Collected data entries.
----

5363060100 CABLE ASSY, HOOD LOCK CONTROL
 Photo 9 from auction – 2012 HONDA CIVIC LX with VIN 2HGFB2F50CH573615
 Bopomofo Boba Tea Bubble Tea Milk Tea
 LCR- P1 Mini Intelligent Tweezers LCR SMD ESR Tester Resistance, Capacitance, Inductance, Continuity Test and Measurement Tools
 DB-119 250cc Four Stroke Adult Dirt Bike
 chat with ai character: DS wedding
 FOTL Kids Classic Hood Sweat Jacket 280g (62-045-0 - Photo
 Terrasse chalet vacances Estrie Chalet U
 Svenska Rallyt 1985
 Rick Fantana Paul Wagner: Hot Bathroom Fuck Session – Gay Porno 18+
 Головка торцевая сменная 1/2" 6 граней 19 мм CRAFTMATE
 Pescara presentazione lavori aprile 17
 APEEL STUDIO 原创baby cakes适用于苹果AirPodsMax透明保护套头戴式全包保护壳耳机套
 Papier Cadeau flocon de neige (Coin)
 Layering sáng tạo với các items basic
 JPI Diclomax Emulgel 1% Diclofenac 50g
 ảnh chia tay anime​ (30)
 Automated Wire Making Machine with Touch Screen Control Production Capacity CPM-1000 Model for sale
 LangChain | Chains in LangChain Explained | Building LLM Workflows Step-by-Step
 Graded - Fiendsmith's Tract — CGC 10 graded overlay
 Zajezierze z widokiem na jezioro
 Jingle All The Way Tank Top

----

What the task asks.
A word-for-word copy of the entries, from the first line through the line containing "JPI Diclomax Emulgel 1% Diclofenac 50g", is the whole answer.

Answer area.
5363060100 CABLE ASSY, HOOD LOCK CONTROL
 Photo 9 from auction – 2012 HONDA CIVIC LX with VIN 2HGFB2F50CH573615
 Bopomofo Boba Tea Bubble Tea Milk Tea
 LCR- P1 Mini Intelligent Tweezers LCR SMD ESR Tester Resistance, Capacitance, Inductance, Continuity Test and Measurement Tools
 DB-119 250cc Four Stroke Adult Dirt Bike
 chat with ai character: DS wedding
 FOTL Kids Classic Hood Sweat Jacket 280g (62-045-0 - Photo
 Terrasse chalet vacances Estrie Chalet U
 Svenska Rallyt 1985
 Rick Fantana Paul Wagner: Hot Bathroom Fuck Session – Gay Porno 18+
 Головка торцевая сменная 1/2" 6 граней 19 мм CRAFTMATE
 Pescara presentazione lavori aprile 17
 APEEL STUDIO 原创baby cakes适用于苹果AirPodsMax透明保护套头戴式全包保护壳耳机套
 Papier Cadeau flocon de neige (Coin)
 Layering sáng tạo với các items basic
 JPI Diclomax Emulgel 1% Diclofenac 50g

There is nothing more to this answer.